Shmax = 3.1(Shmin – Pp) + Pp = 13712 psi

In the case of strike-slip faulting, Shmax must be greater than Sv = 12000 psi, but

cannot be greater than 3.1(Shmin - Pp) + Pp, thus 8000 psi ≤ Shmax ≤ 13712 psi.

Case 2: μ = 0.6, Sv = 12000 psi, Shmin = 9500 psi

Since normal and/or strike-slip faulting are possible in this case, we will refer to

equations 4.45 and 4.46 on Lecture 6 pg. 29 to determine the constraints on Shmax

based on frictional faulting theory. In addition, since we know the value of Shmin

and Shmax cannot be less Shmin, we know that the lower bound for Shmax must be

Shmin = 9500 psi.

To calculate the upper bound on Shmax, we must use the relationship for strike-slip

faulting equation (equation 4.46).

(Shmax – Pp) / (Shmin – Pp) = 3.1 (Equation 4.46)

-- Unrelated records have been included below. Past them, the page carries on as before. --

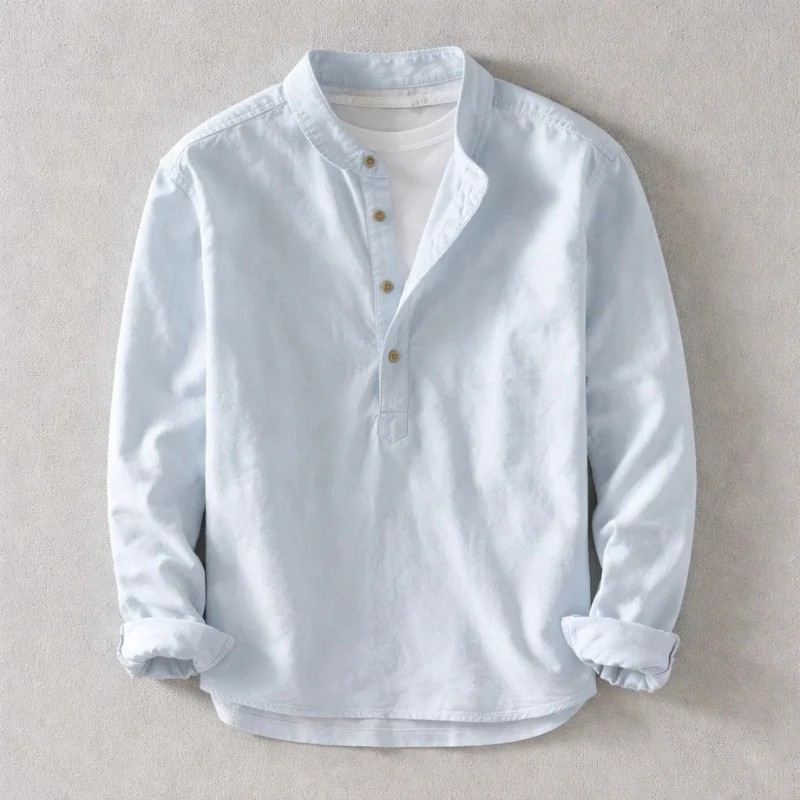Henley-shirt Dexter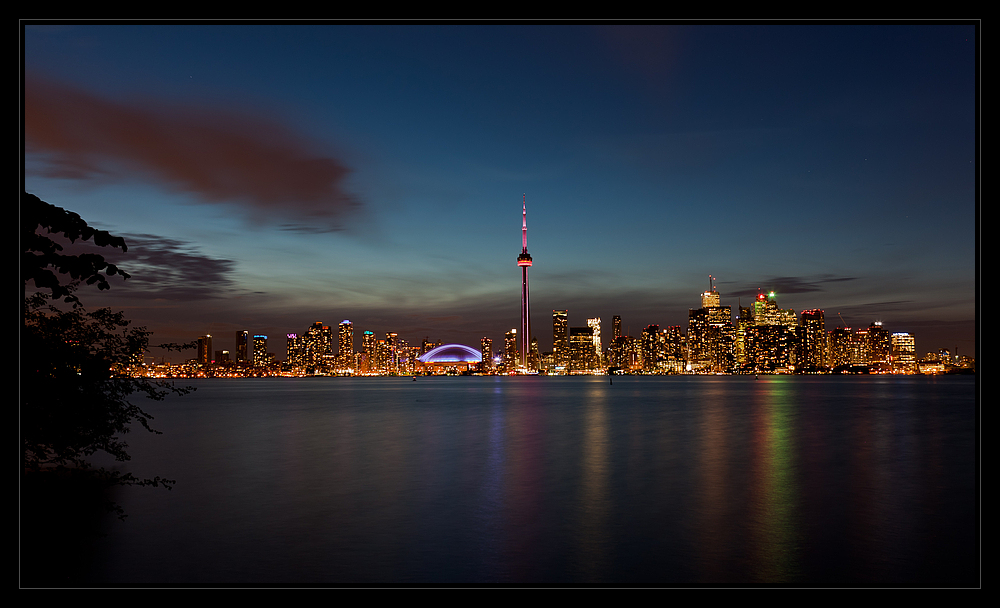 ~ Toronto Skyline ~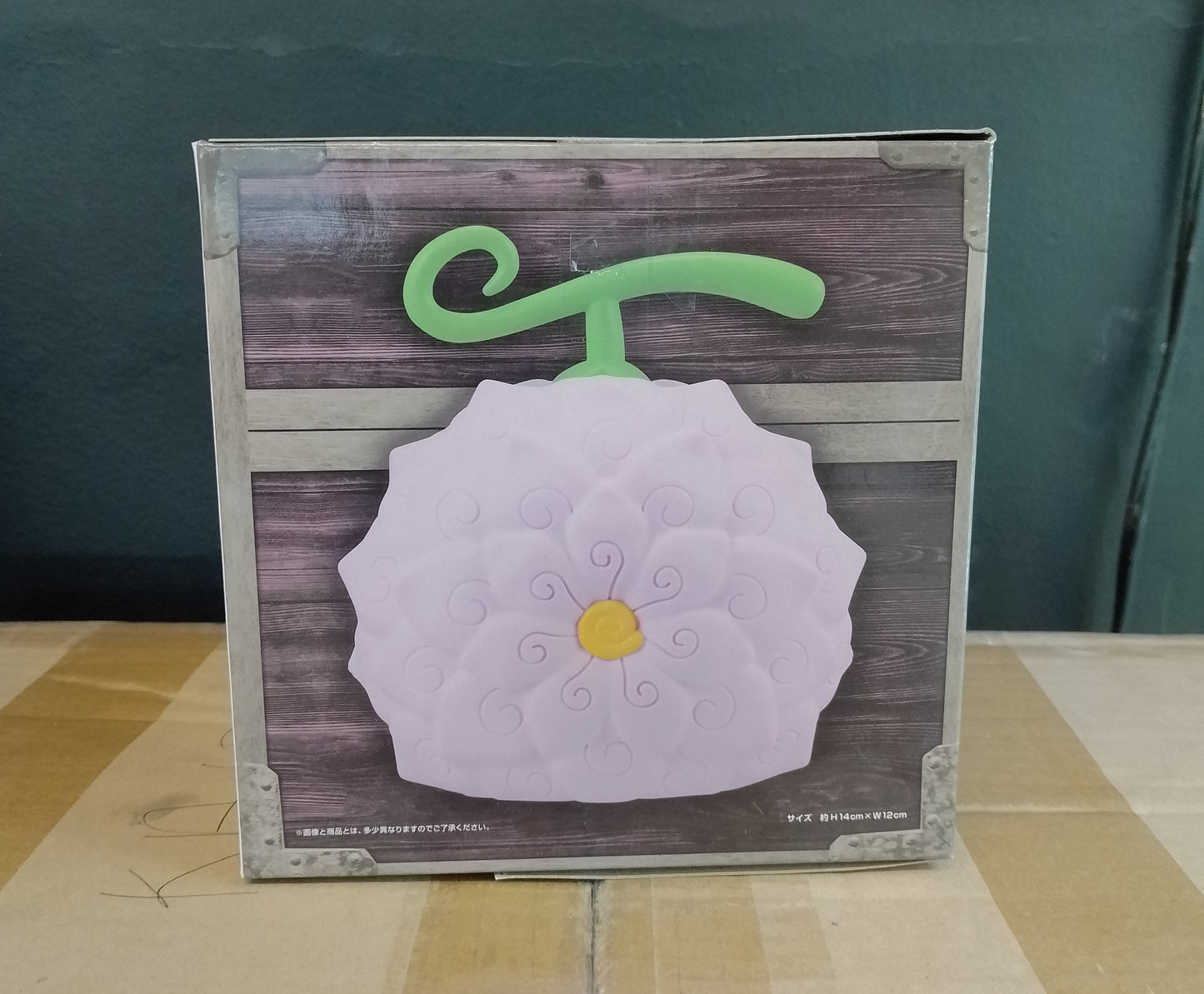 Banpresto One Piece Devil Fruit Room Light Hana-Hana no Mi (Flower-Flower Fruit)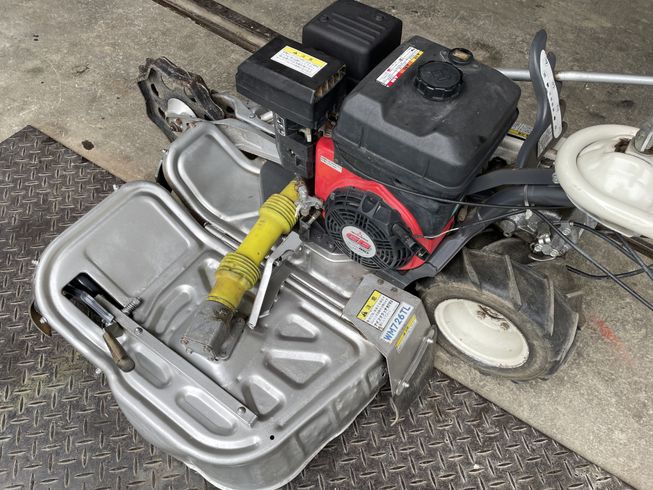 草刈機 WM726TL 写真７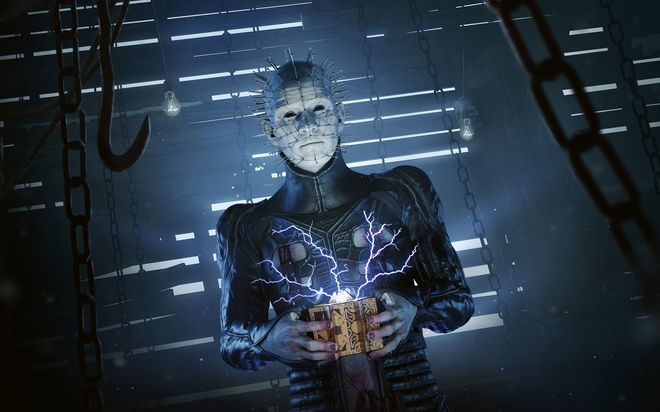 Image of the Cenobite in Dead By Daylight.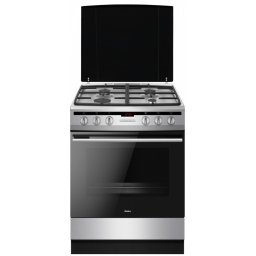 Amica Kuchnia gazowo-elektryczna 617GES3.33HZpTaDpA(Xx) PIZZA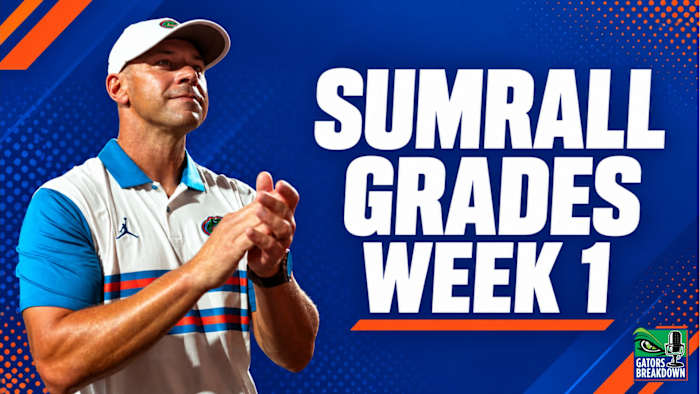 Jon Sumrall Breaks Down Where the Gators Really Stand After Win Over FAU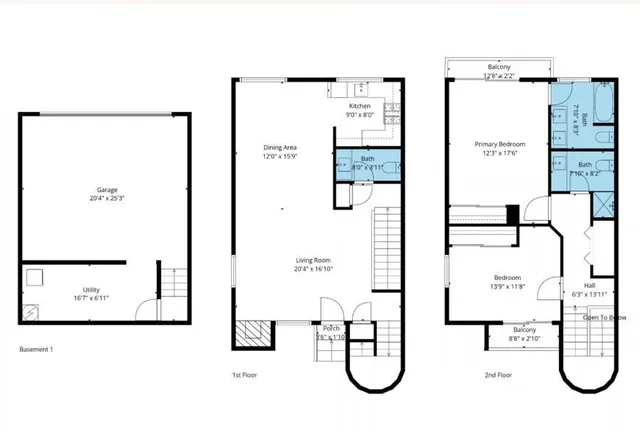 $849,000 | 1881 Alpha Road, Unit 8, Glendale, CA 91208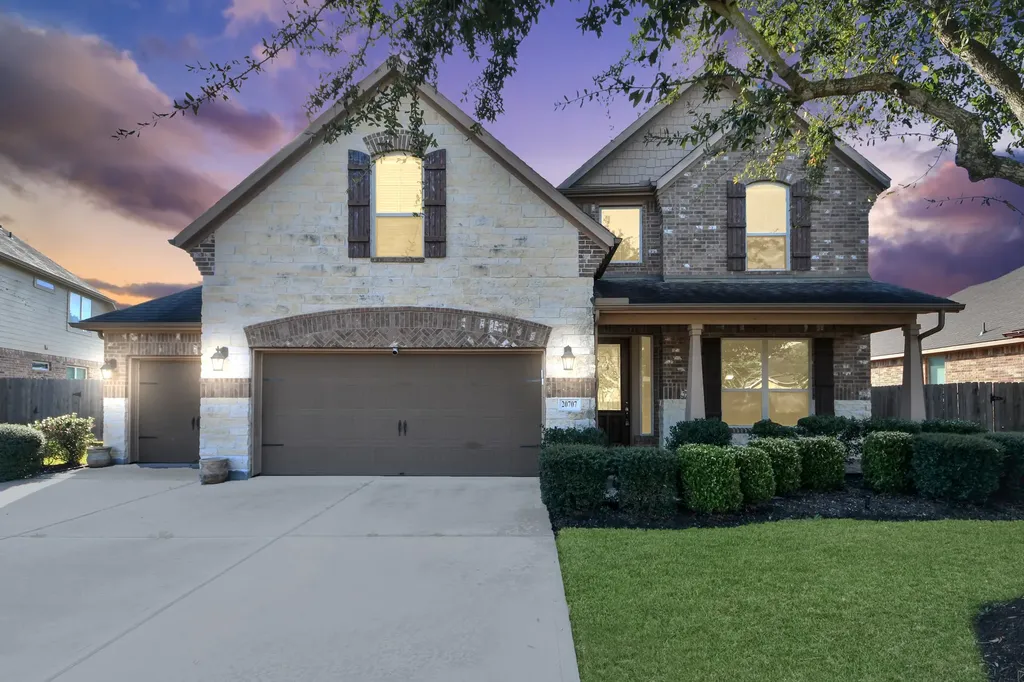 20707 Reston Run Lane Cypress TX 77433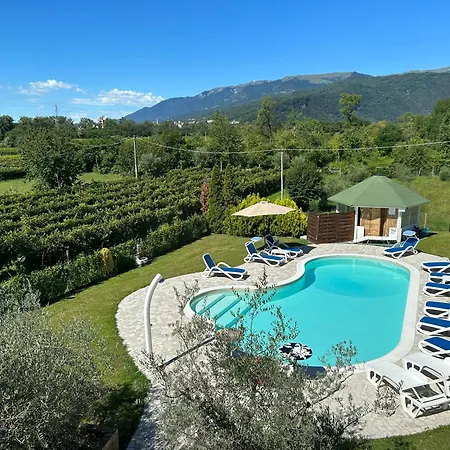 La Montagnola Valdobbiadene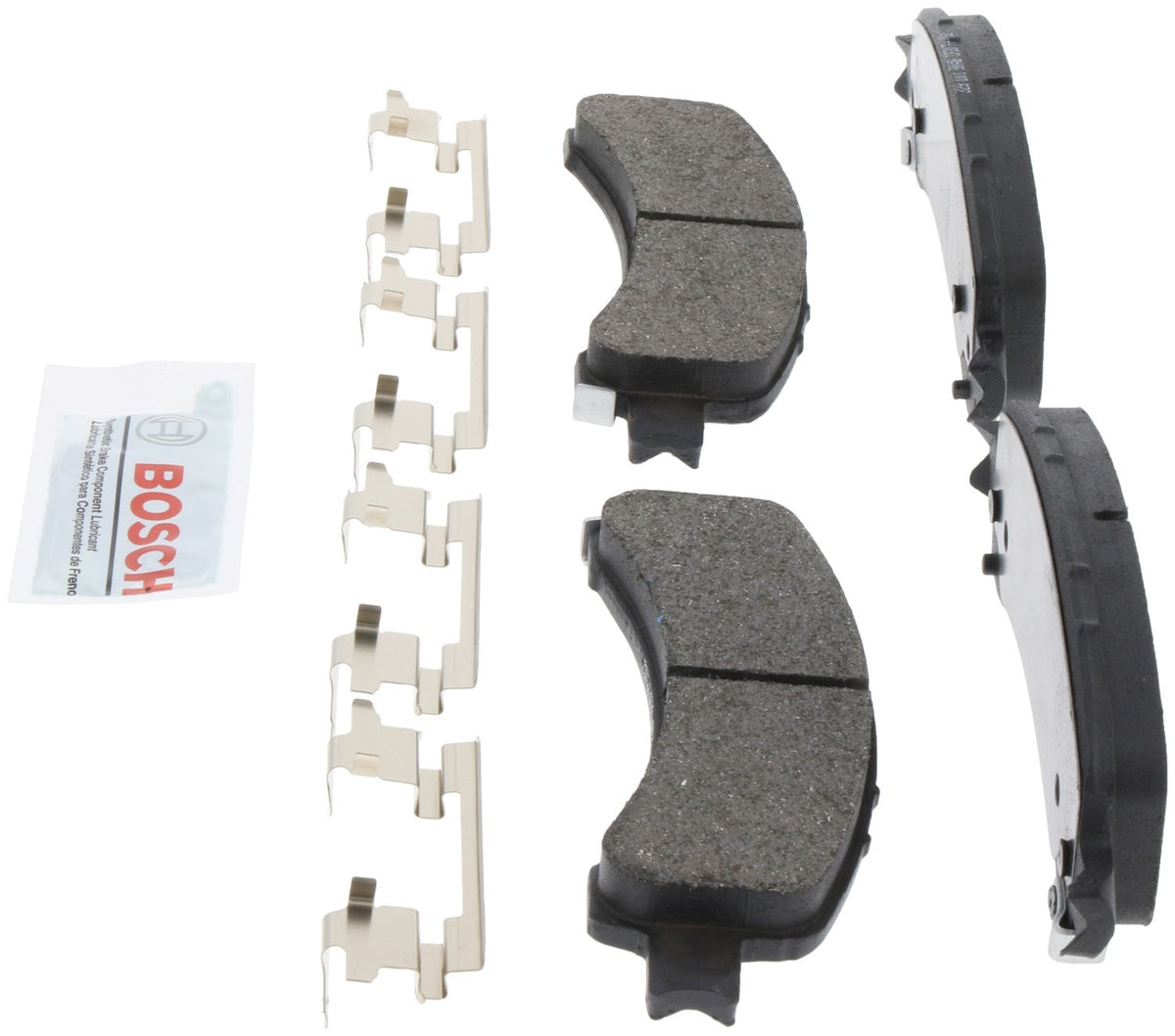Bosch Disc Brake Pad Set BE974AH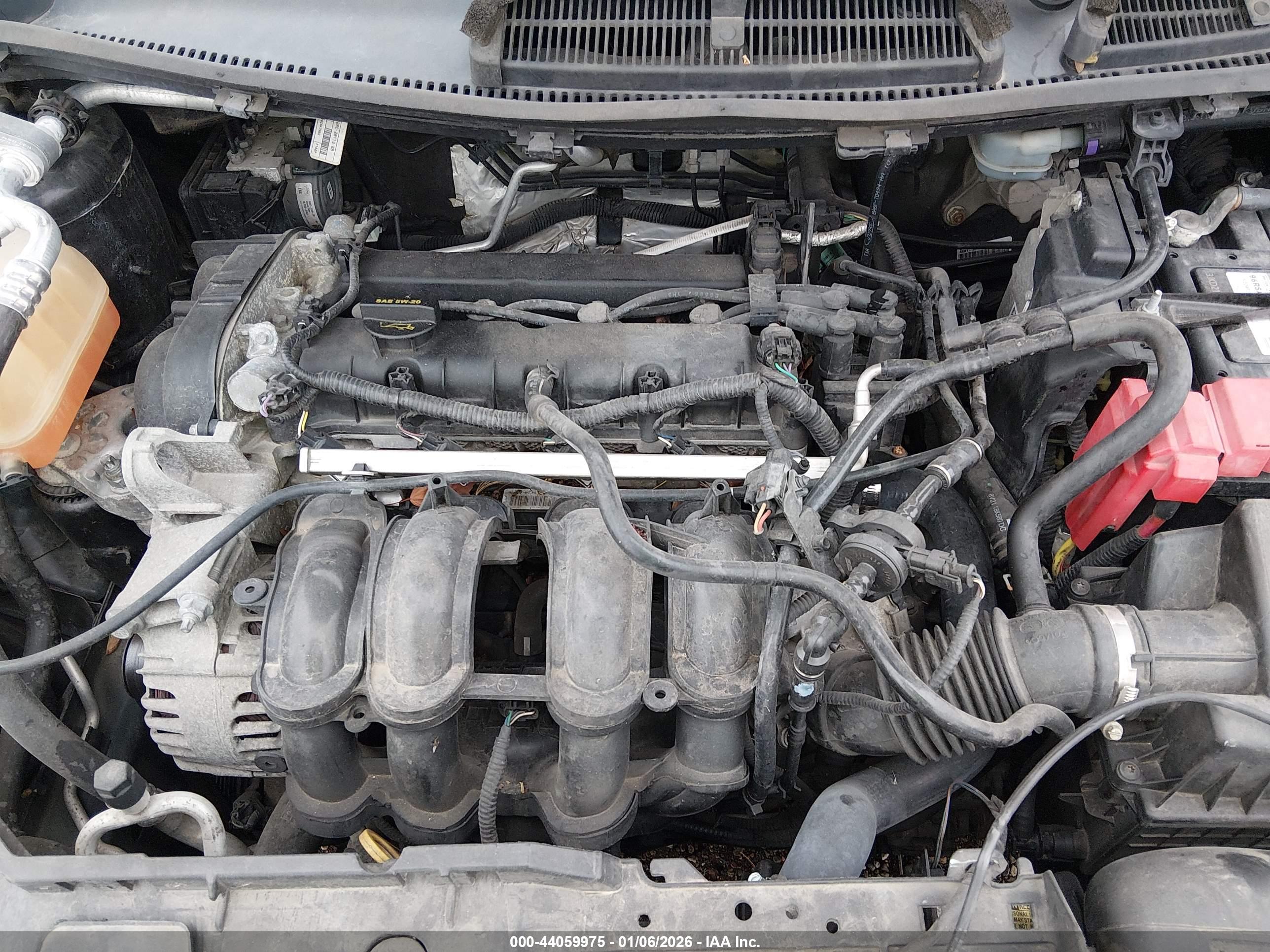 FORD FIESTA image 10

Shmax = 3.1(Shmin – Pp) + Pp = 18362 psi

In the case of strike-slip faulting, Shmax must be greater than Sv = 12000 psi, but

cannot be greater than 3.1(Shmin - Pp) + Pp, thus 9500 psi ≤ Shmax ≤ 18362 psi.

Case 3: μ = 0.6, Sv = 12000 psi, Shmin = 10000 psi

Since normal and/or strike-slip faulting are possible in this case, we will refer to

equations 4.45 and 4.46 on Lecture 6 pg. 29 to determine the constraints on Shmax

based on frictional faulting theory. In addition, since we know the value of Shmin

and Shmax cannot be less Shmin, we know that the lower bound for Shmax must be

Shmin = 10000 psi.

To calculate the upper bound on Shmax, we must use the relationship for strike-slip

faulting equation (equation 4.46).

(Shmax – Pp) / (Shmin – Pp) = 3.1 (Equation 4.46)

Shmax = 3.1(Shmin – Pp) + Pp = 19912 psi

In the case of strike-slip faulting, Shmax must be greater than Sv = 12000 psi, but

cannot be greater than 3.1(Shmin - Pp) + Pp, thus 10000 psi ≤ Shmax ≤ 19912 psi.

Case 4: μ = 0.6, Sv = 12000 psi, Shmin = 12000 psi

Since all faulting regimes are possible in this case, we will refer to all equations

on Lecture 6 pg. 29 to determine the constraints on Shmax based on frictional

faulting theory. In addition, since we know the value of Shmin and Shmax cannot be

less Shmin, we know that the lower bound for Shmax must be Shmin = 12000 psi.

In this case, since reverse faulting is possible and is the most compressive stress

regime, we must use the relationship for reverse faulting to calculate the upper

bound of Shmax.

(Shmax – Pp) / (Sv – Pp) = 3.1 (Equation 4.47)

Shmax = 3.1(Sv – Pp) + Pp = 26112 psi

In the case of reverse faulting, Shmax must be greater than Sv = Shmin = 12000 psi,

but cannot be greater than 3.1(Sv - Pp) + Pp, thus 12000 psi ≤ Shmax ≤ 26112 psi.